The selfless decision was instinctive, he suggests, because ‘there was a contract struck between us that went all the way back to when we were three.’
He didn’t only carry out the intimate duties of caring, but practicalities such as feeding Clare’s cherished cat, Grably, and doing her gardening, later describing the time as a privilege; that learning how to help her swallow a pill or drink water as she grew desperately ill made him ‘more compassionate and kinder and able’.
He added: ‘As hard as it was for me to see what was physically happening with my sister, I know that period of time was extraordinarily powerful for the two of us in a very positive way, even though it was fuelled by such a terrible disease.’
After she died, Greg – who finished writing Clare’s blog when she was too ill to do so and turned it into a book, Not That Kind Of Love, published in 2018 – felt relief that Clare was no longer in pain.
‘It was untenable for her and had been for a long while. She was finding a reason to open her eyes every morning and I think I was part of that reason,’ he said.
Initially, grief hit him ‘like a vomit’ he had no option but to acknowledge: ‘You can be walking down the street or at the supermarket at the frozen peas counter and suddenly it hits you, and you go with it. Don’t get in the way, don’t objectify it — it has to come out.’
He and Emma would take refuge in their holiday home, on the banks of Loch Eck in Argyll, Scotland, where they spend several months a year, and where Greg enjoys splitting logs, playing with power tools and smoking his own mackerel.
‘I’m best feral,’ he quipped recently.
‘When I don’t wash. I’m a bit of a wild man. I whittle. I have a welder now. I am going to get a lathe.’

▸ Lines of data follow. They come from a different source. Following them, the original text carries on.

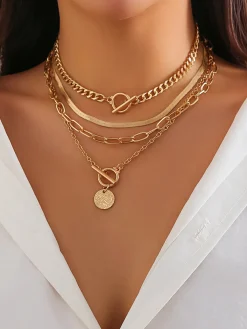 COMMENSE 4pcs Chunky Stacking Pendant Necklace* Necklaces|Accessories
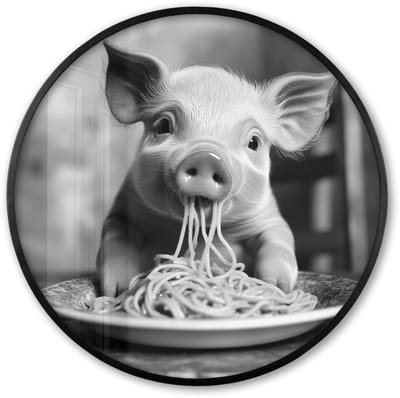 Poster in lijst Rond - Fotolijst 60x60 cm - Posters - Varken - Schattig - Spaghetti - Zwart wit - Dier - Ronde posterlijst zwart - Decoratie - Wanddecoratie woonkamer - Muurdecoratie slaapkamer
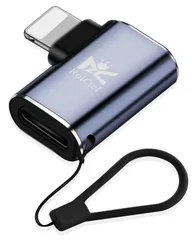 RoiCiel iphone変換アタブターL字(ストラップ 付)最大PD30W出力Type-CからLightningへアルミニウム合金製変換アダプター/変換コネクターUSB PD to ライトニングE-Markerケーブル/アップル純正USB-Cケーブルも対応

Therapy, he says, has been essential, while work provided a distraction. He started filming the second season of The Crown two days after Clare’s funeral — telling only ‘a couple of people on production’ about his bereavement so as not to elicit pity.

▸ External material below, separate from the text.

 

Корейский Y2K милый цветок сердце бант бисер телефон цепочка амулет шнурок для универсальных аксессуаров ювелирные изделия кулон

Not that he has ever been one to seek superfluous attention, saying he is ‘more nervous’ about the spotlight he will receive from Strictly than ‘the actual dance steps’.
Emma, he says, is ‘stupidly excited’ that he is going on the show.
How long he will last, however, is anyone’s guess, not least, he jokes, because he ‘can’t dance’.
But with his sister’s strength and spirit spurring him on, he will sprinkle stardust on the dance floor nonetheless.
‘Clare’s still very much present and will always be,’ he said. ‘I carry her with me.’